DiffDock was trained on empirical data from over 17,000 protein-ligand pairs. Thorough familiarization with the scope and nuances of data generated in real life helps the model make precise and accurate in silico predictions. “If there’s one thing that computational advancements are implying, it’s that we should be making more and better empirical measurements in the lab,” said Fortela.

Scaling the Synbio Landscape

Lourenço agrees that PLMs work best in tandem with wet lab experiments. Even the best scientists have limited expertise and lab time—machine learning can expand the scope of their research. Lourenço equates PLMs’ expansion power to exploring the world by plane rather than limiting yourself to local roads.

“The way I like to think about it is, imagine you’re trying to find the biggest mountain in the world. If you’re in North America, you’ll go to Denali. That might be a good starting point, but you’re fundamentally limited by the characteristics of that mountain. By moving farther into the landscape, you can go to Africa and find Kilimanjaro, and go to Nepal and find Everest,” said Lourenço.

The EXPLORE team has already seen some success using TRILL and other PLM tools to scan the protein landscape. Surprisingly, their initial search returned several dozen natural enzymes with the ability, at least in theory, to degrade PFAS.

“We used this tool called FoldSeek, which is like a plagiarism checker for proteins,” said Dante Dam, a former team member. “It searches publicly available databases for proteins with structures and sequences similar to your input protein.”

The EXPLORE team fed FoldSeek a partial sequence from an enzyme experimentally proven to degrade PFOA into shorter-chain PFAS. FoldSeek returned nearly 70 natural enzymes with structures similar to the input enzyme. Structural similarity implies functional similarity, which means that these enzymes should be able to degrade PFAS to some extent. These proteins become more novel with each cycle of PLM finetuning, allowing the team to explore hundreds of ways that an artificial protein could bind and destroy PFAS.

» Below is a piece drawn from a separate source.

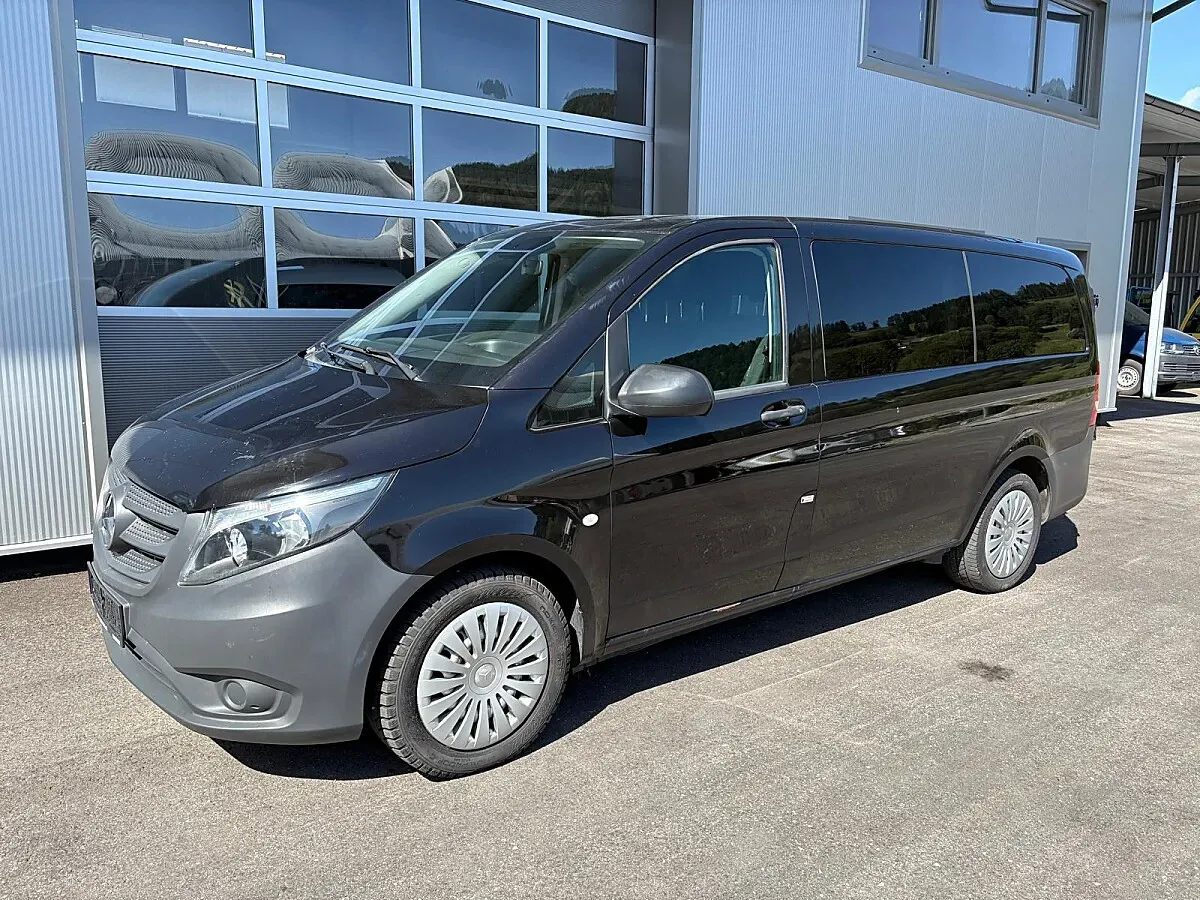 Mercedes-Benz Vito 2017 photo 3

“In our case, we want to get farther away from natural structures because we want to explore novel sequences that might be more efficient,” said Lucas Garcia in a YouTube presentation outlining the EXPLORE team’s project.

Garcia explains that there aren’t any existing PLMs that can accurately predict if an artificial protein could actually be produced in the lab. So, the EXPLORE team took matters into their own hands and started building their own AI model to predict which novel sequences would be the easiest to synthesize.

Just as the PLMs in TRILL feed data from one model into the next, the EXPLORE students build off each other’s specialized work to design a product that’s stronger than the sum of its parts. 

Lourenço sees the ease with which his students question the status quo and adapt accordingly when it changes. He hopes that biotech companies, often prone to setting experimental boundaries too rigidly and too soon, can learn from his students’ approach to scientific research. He sees parallels between his students’ thought processes and the way that machine learning models “learn” from experimental boundaries, and hopes that these fresh perspectives encourage others to make synbio an even more inclusive and multidisciplinary space.

“We attach a label to scientists, which is that you have to be a straight-laced, by-the-book type of person. And that’s not really the case. Scientists are people too. Scientists experiment. Scientists have fun. And you can be a scientist, too,” Lourenço said.